(Stored records)
▶
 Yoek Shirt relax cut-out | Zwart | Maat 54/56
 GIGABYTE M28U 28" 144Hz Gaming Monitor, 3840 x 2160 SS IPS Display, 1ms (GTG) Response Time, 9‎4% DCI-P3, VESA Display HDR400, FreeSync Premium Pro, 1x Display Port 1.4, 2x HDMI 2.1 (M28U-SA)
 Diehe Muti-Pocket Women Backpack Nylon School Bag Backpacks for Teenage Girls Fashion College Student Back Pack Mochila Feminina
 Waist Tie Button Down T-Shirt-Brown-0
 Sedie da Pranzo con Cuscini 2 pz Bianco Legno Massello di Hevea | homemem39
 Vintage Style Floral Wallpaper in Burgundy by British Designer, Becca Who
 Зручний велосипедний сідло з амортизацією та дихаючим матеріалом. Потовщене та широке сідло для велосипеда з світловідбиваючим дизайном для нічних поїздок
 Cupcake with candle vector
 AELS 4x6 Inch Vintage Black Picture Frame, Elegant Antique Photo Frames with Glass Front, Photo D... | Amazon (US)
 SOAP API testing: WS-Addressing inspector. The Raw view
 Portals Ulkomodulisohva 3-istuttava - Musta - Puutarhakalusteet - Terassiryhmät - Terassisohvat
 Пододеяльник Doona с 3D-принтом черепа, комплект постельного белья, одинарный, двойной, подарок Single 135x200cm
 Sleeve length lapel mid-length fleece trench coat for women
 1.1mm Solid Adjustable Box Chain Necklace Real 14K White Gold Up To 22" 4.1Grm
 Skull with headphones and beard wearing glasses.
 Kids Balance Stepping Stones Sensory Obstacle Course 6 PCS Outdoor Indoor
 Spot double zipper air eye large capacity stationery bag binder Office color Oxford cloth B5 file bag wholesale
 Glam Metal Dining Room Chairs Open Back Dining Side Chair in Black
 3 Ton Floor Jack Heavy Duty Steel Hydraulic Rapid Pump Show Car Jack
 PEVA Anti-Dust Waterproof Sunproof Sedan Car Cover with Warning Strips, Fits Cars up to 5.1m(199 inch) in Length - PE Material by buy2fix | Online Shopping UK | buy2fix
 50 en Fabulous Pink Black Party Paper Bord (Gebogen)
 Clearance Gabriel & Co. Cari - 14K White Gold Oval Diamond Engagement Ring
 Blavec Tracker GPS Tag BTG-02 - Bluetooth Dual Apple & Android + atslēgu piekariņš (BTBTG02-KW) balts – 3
◀
● **To do**
The answer must consist of each line from the data that includes the string "Vintage".

● **Response to the exercise**
 Vintage Style Floral Wallpaper in Burgundy by British Designer, Becca Who
 AELS 4x6 Inch Vintage Black Picture Frame, Elegant Antique Photo Frames with Glass Front, Photo D... | Amazon (US)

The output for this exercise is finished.